Cut to the Chase is a film about a brother who will go to the ends of the earth to save his sister from the mistakes of his past. It’s a film about family and unconditional love, and sometimes how those relationships are the hardest to keep strong. For this film, Weaver used elements that he was connected with to create the heart of this story, a connection with a fellow actor and his home town. This may not be his most personal film, but it’s hard not to deny the present elements of the concept.
In all of his works, Weaver has not only written and directed them, but he’s also starred in them as well. There is a consistency that flows through each film, forming a strong bond between the space that lives off screen as well as the world on screen. The role of writer-director came from a natural progression through his experience as an actor.
There are many times actors get pigeonholed in a character, causing an opportunity for something fresh to be few and far between. Weaver’s solution was to create his own challenging roles, the first being the script Manic. The experience on this particular film eventually lead to his eventual role of director.
“The experience on that film (Manic) was very intense and the director and I would often clash. I decided that the director's chair was where I wanted to be,” Weaver says. “I sold the house I had bought from acting and financed my first feature where I played the third lead. It felt natural to me and fulfilled me. I've gone back to that formula again and again.”
This also offers the opportunity of creating work for fellow creatives. There is the ability to choose people and locations that we want to explore working with or revolve a story around. For Weaver regarding Cut to the Chase, that meant writing roles for actor friends and shooting in his hometown of Shreveport.
Weaver had worked with Erin Cahill when she had a small part in 6 Month Rule, and they formed a great bond. He decided to create a script that utilized their great chemistry, where they would be siblings, and continued to put the pieces together for his next film.
“I had been carrying around that idea (Cut to the Chase) for years and this was the perfect opportunity to tell that story. I made a list of my assets in Shreveport: Locations, actors and support crew... And I started writing,” Weaver says. “I wrote specifically for the great actors I know. When we got to Louisiana and did the read-through, I did another pass on the script. These parts are really tailor made for the actors portraying them.”
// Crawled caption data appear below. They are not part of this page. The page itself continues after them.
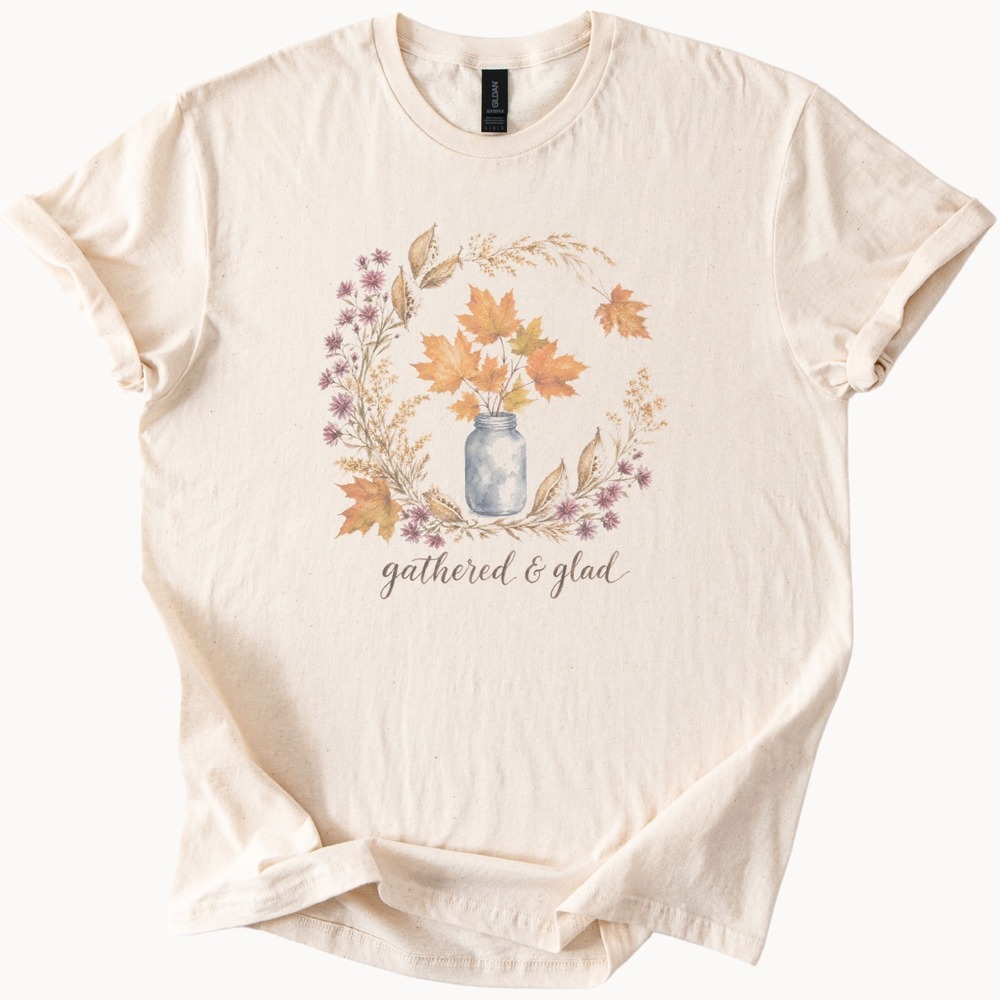 Gathered & Glad Autumn Leaves in a Jar Wreath Tee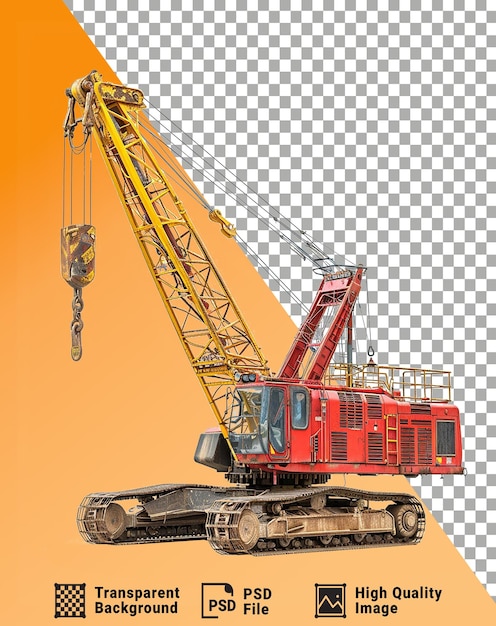 PSD diesel crawler crane isolated on transparent background png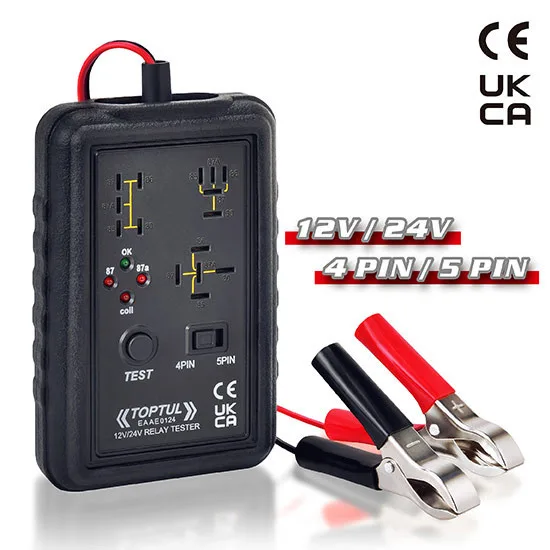 Тестер автомобільних реле TOPTUL EAAE0124 12V 24V 4pin 5pin компактний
The story was heavily influenced from his respect and familiarity of Shreveport. The film captures the essence of the city, the multiple facets of life in a big city, and never hides the areas of darkness so often prevalent in a city of this stature.
“Shreveport is my home town and I set out to write a script specifically around that area of the country. Every character and location is distinctly part of that world,” Weaver adds.
This continued journey through creating your own stories has lead to the newest film, an action thriller. Part of the reason Weaver felt comfortable in taking the leap was because our technologies have advanced along with the creative minds of our filmmakers. Nothing is off limits, and doors are opening at an extraordinary speed.
“Now with these amazing and affordable cameras and lights we can stretch our dollar further. We can do digital effects on a home computer and shoot an action sequence dozens of times to get it right,” Weaver adds. “I love all genres of movies and it's amazing that in the time we live in I have the opportunity to vary the kind of work I'm doing without having to raise millions of dollars.”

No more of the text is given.